A subtle archway marks the transition into designer Zoë Feldman’s Washington, D.C., rosy sunroom—a serene space she conceived as a respite from the digital demands of everyday life.
Used for reading and quiet conversation, it “reinforces how restorative it can be to be physically present in a room without constant input,” the designer said.
Laura Lubin, owner of Nashville-based Ellerslie Interiors, transformed a tiny guest bedroom in her family’s cottage into her own “wellness room,” where she retreats for sound baths, massages and reflection.
“Without screens, the room immediately shifts your nervous system. You’re not multitasking or consuming, you’re just present,” said Lubin.
As a designer, she’s fielding requests from clients for similar spaces that support mental health and rest, she said.
“People are overstimulated and overscheduled,” she explained. “Homes are no longer just places to live—they’re expected to actively support well-being.”
Designer Molly Torres Portnof of New York’s DATE Interiors adopted the same brief when she designed a music room for her husband, owner of the labels Greenway Records and Levitation, in their Lido Beach, N.Y. home. He goes there nightly to listen to records or play his guitar.
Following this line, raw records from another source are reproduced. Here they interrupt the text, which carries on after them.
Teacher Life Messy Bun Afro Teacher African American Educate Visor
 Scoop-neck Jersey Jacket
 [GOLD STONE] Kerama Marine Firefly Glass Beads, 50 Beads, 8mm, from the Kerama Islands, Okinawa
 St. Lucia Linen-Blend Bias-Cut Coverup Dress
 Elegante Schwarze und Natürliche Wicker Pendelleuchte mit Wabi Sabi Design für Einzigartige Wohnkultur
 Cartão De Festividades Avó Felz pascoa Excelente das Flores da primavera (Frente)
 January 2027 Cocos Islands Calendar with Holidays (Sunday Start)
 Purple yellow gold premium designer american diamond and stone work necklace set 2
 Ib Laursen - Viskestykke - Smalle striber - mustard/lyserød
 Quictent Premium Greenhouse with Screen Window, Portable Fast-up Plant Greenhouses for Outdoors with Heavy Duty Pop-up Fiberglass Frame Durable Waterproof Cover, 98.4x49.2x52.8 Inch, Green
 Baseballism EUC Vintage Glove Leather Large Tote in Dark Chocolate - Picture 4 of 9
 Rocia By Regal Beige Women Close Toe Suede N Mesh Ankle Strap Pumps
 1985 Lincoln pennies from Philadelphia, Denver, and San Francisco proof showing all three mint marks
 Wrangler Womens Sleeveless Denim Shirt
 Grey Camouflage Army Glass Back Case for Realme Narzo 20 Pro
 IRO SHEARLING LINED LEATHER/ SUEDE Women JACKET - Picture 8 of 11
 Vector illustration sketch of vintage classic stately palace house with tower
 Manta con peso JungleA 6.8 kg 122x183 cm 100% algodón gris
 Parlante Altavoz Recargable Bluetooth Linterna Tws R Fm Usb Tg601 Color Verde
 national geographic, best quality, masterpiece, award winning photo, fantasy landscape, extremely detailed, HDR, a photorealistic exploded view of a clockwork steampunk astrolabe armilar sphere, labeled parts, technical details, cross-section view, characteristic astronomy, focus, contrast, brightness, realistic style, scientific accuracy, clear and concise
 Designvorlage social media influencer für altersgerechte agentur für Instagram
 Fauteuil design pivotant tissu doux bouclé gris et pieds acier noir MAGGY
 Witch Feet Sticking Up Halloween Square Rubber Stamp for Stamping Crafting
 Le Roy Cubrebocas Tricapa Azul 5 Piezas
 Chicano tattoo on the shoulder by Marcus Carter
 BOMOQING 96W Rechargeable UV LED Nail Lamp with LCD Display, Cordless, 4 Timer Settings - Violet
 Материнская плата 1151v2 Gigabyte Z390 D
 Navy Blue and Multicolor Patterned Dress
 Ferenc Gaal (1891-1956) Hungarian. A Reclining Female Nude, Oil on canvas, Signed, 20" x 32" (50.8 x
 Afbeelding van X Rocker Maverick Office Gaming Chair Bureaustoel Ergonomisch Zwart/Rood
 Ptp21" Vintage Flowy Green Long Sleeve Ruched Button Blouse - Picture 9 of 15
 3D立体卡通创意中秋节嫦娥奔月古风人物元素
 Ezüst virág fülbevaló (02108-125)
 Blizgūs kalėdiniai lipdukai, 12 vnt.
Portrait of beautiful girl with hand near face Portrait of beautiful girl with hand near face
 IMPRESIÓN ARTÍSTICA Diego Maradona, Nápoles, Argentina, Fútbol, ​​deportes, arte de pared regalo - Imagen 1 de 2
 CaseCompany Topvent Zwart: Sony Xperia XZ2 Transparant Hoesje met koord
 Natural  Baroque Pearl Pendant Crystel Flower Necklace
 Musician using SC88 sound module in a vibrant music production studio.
The game closet from the townhouse in “The Royal Tenenbaums”? That idea is back too, says Gachot. Last year she designed an epic game room backed by a rock climbing wall for a young family in Montana.
When you’re watching a show or on your phone, “it’s a solo experience for the most part,” the designer said. “The family really wanted to encourage everybody to do things together.”

Don’t have the space—or the budget—to kit out an entire retro rec room?
“There are a lot of small tweaks you can make even if you don’t have the time, energy or budget to design a fully analog room from scratch,” said Price.
Gachot says “the small things in people’s lives are cues of what the bigger trends are.”
More of her clients, she’s noticed, have been requesting retrograde staples, such as analog clocks and magazine racks.
For her Los Angeles living room, chef Sara Kramer sourced a vintage piano from Craigslist to be the room’s centerpiece, rather than sacrifice its design to the dominant black box of a smart TV. Alabama designer Lauren Conner recently worked with a client who bought a home with a rotary phone.
Rather than rip it out, she decided to keep it up and running, adding a silver receiver cover embellished with her grandmother’s initials.
Some throwback accessories aren’t so subtle. Melia Marden was browsing listings from the Public Sale Auction House in Hudson, N.Y. when she spotted a phone booth from Bell Systems circa the late 1950s and successfully bid on it for a few hundred dollars.
“It was a pandemic impulse buy,” said Marden.
In 2023, she and her husband, Frank Sisti Jr., began working with designer Elliot Meier and contractor ReidBuild to integrate the booth into what had been a hallway linen closet in their Brooklyn townhouse.
Canadian supplier Old Phone Works refurbished the phone and sold them the pulse-to-tone converter that translates the rotary dial to a modern phone line.
The couple had collected a vintage whimsical animal-adorned wallpaper (featured in a different colourway in “Pee-wee’s Playhouse”) and had just enough to cover the phone booth’s interior.
Their children, ages 9 and 11, don’t have their own phones, so use the booth to communicate with family. It’s also become a favorite spot for hiding away with a stack of Archie comic books.
The booth has brought back memories of meandering calls from Marden’s own youth—along with some of that era’s simple joy. As Meier puts it: “It’s got this magical wardrobe kind of feeling.”